As a witness before that committee, I drafted outline legislation to show how an abortion law might be codified within the strictures, properly understood, of article 40.3.3. I also echo his view that the hearings illuminated many issues for the undecided and for those who Catherine McGuinness termed the “middle ground”.

However, I part with him when he focuses on the question of the threat of suicide as a ground for the X case and suggests (wrongly, in my view) that there is potential for significant ongoing disagreement about how to legislate for the question of suicide.

As one basis for this argument, he advances the discrepancies between the proposed statutory measures contained in Clare Daly’s draft Bill and those in the draft Bill I offered for consideration by the committee. He concludes the different approaches “illustrate there is still a debate to be had about the safeguards in cases involving threat of suicide”.

In reaching his conclusion about different approaches to date on legislating for suicide, he omits a critical consideration: at the time of the drafting of both Bills, no one knew quite what Irish doctors, especially Irish psychiatrists, thought about all of this.

Both Bills were drafted in advance of helpful exposition before the Oireachtas health committee and did not have the benefit of the full discussion that the health committee hearings both facilitated and subsequently generated. As a result, differences between the two Bills are understandable given the lack of clarity when they were drafted.

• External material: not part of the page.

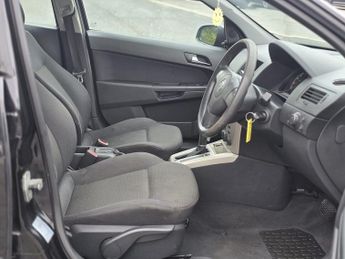 VAUXHALL ASTRA 1.8i VVT Life 5dr Auto [AC]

Before considering what an abortion law should say about the threat of suicide, there are two other issues. The first is whether we can legislate for suicide at all. I think both Bills (their differences notwithstanding) make clear workable frameworks can be codified without great complexity. It is also instructive to recall that complex aspects of mental health (including threats of suicide) are already unexceptionably legislated for in the Mental Health Act 2001.

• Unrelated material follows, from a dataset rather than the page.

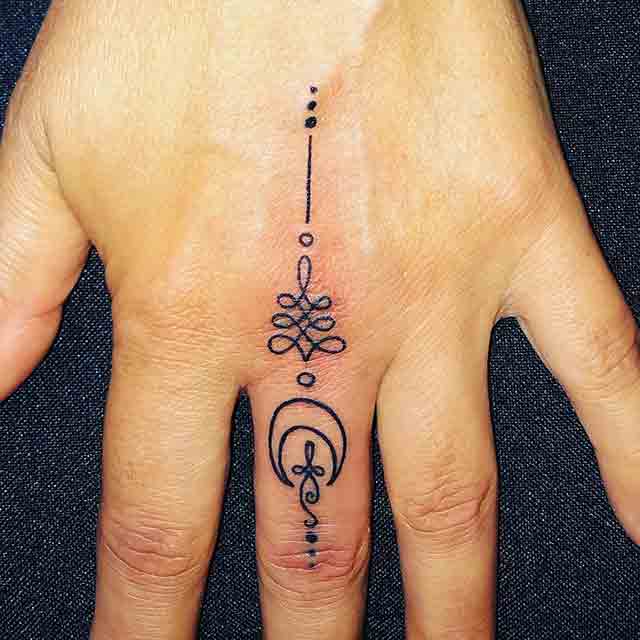 Moon-Finger-Tattoos-For-Women-(1)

The second issue is the main distinction noted by Whelan in his article: who should assess suicidal risk?

Clare Daly’s Bill envisaged the risk could be assessed by either a psychiatrist or a psychologist; my Bill provides that it can only be a psychiatrist who carries out the assessment. I think I understand the reasoning behind Daly’s Bill. First, in the X case itself the evidence from a psychologist was accepted; and secondly, there may be questions of accessibility if all assessments must be carried out by consultant psychiatrists.

But that is, I think, to misunderstand three things. The first is that (as the evidence to the Oireachtas committee confirmed) we are dealing with tiny numbers of women who are (a) suicidal in pregnancy, (b) suicidal because of that pregnancy and (c) falling into the X case scenario of requiring a termination to treat their condition.